UK Video Game Piracy Caused £1.45B In Losses & 1,000 Jobs Last Year

Video game piracy cost some £1.45 billion ($2.31 billion) in lost sales last year, as well as around 1,000 lost jobs. So says the Association of UK Interactive Entertainment (UKIE), which cautioned that even those impressive numbers are on the conservative side. That’s console piracy, mind you, which yet again throws a wrench in publishers’ arguments that piracy is only a problem on the PC, so draconian DRM regimes are a necessary evil. And you wonder why Sony has freaked out over the PS3 Jailbreak.

The BBC has a brief interview with a 25-year-old professional console modder of sorts. He charges £40 ($63) to modify a console, be it an Xbox 360, Wii, DS, PSP, or PS3—even if modding a PS3 takes little more effort than putting a few files on a USB flash drive. Once modded, a console can play pirated games all day long, which, as the UKIE claims, is pretty much destroying the industry. Keep in mind that older DSs can play pirated games with a special, and inexpensive, “blank” game card. Nintendo has been fighting these cards, most notably the R4, for years now.

The same console modder also sells pirated video games for £1 to £5 ($1.60 to $8).

Something tells me this modder won’t be in business much longer.

It should also be pointed out that game sales were down last year in the UK, from £1.9 billion in 2008 to £1.45 billion. Is that due to piracy? Is that because the industry has peaked? Maybe there were less “good” games?

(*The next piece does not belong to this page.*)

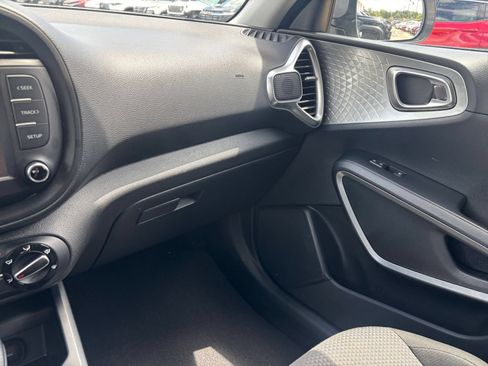 Used 2025 Kia Soul LX w/ LX Technology Package FWD image 33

The UKIE tries its best to scare the citizenry with scary words—“A game like Call of Duty could take two years to make and cost millions of pounds. So there are huge sums of money involved in individual games.—but it’s never really addressed why what amounts to a a Quake III mod costs so much money to make.

To say nothing of something like Minecraft, which was developed by one person without a multi-million dollar marketing budget backing him. I’d like to see the UKIE explain how something like that can happen in this terrible environment.